[Records provided]

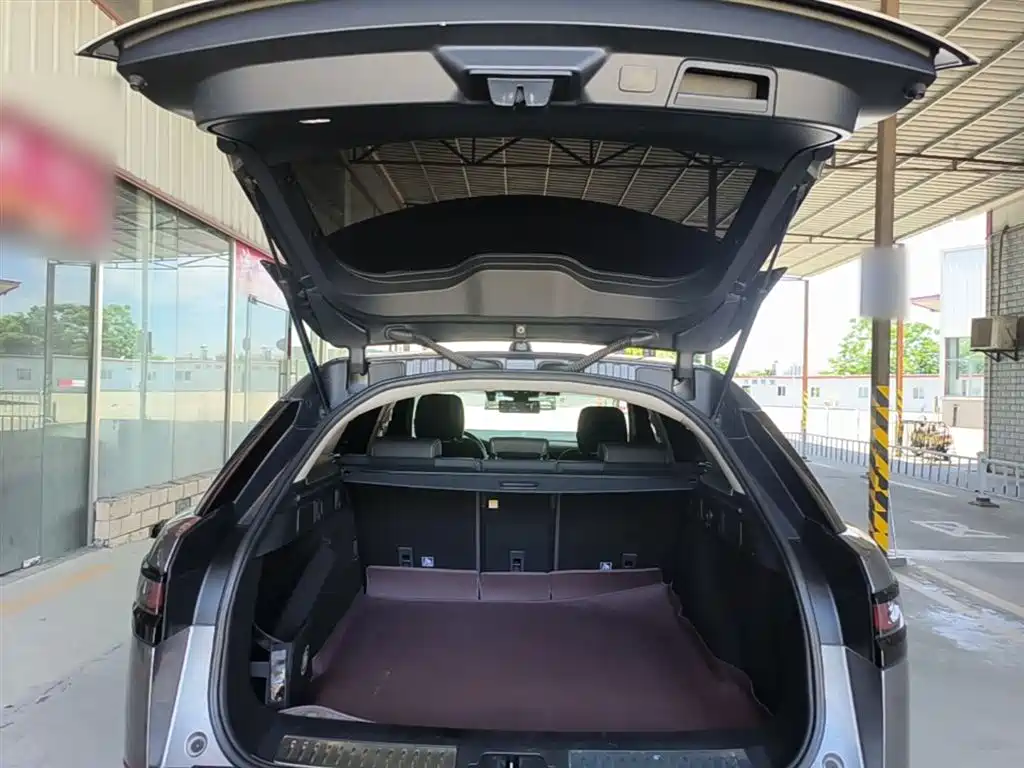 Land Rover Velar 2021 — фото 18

[/Records provided]
[Records provided]

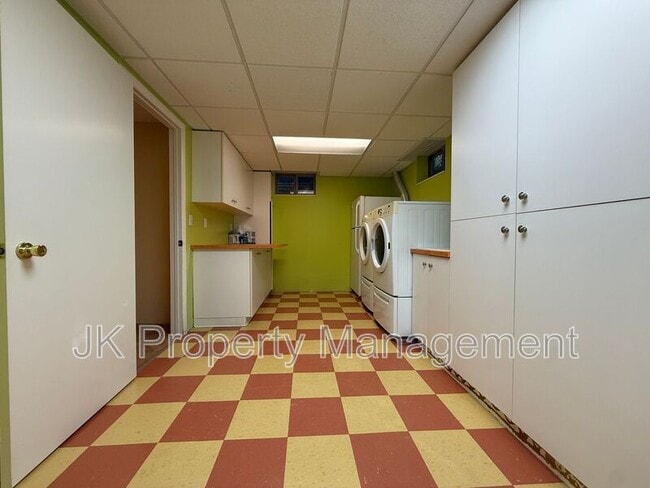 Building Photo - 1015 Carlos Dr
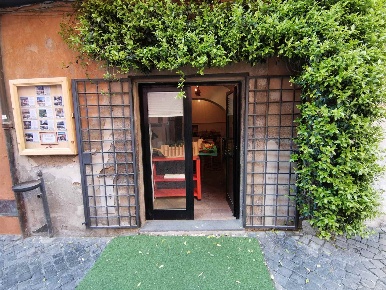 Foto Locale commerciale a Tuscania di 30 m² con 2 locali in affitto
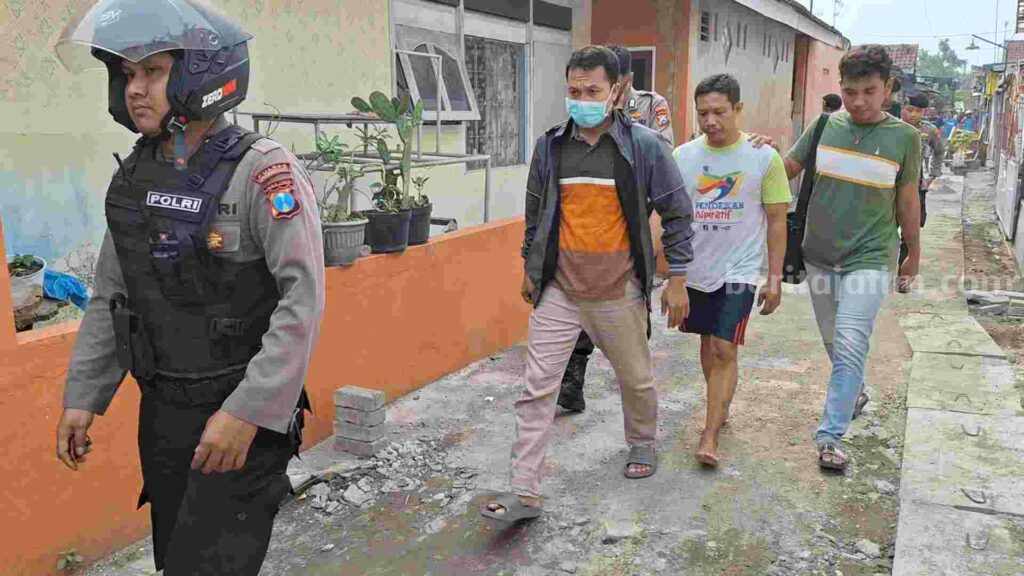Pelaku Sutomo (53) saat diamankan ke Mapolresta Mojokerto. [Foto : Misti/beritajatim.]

[/Records provided]

[How to complete this task]
Print everything from the line with "Foto Locale commerciale" down to the line with "Pelaku Sutomo (53)" in the entries above, both lines included and nothing more, without the pictures.

[Task solution]
 Foto Locale commerciale a Tuscania di 30 m² con 2 locali in affitto
Pelaku Sutomo (53) saat diamankan ke Mapolresta Mojokerto. [Foto : Misti/beritajatim.]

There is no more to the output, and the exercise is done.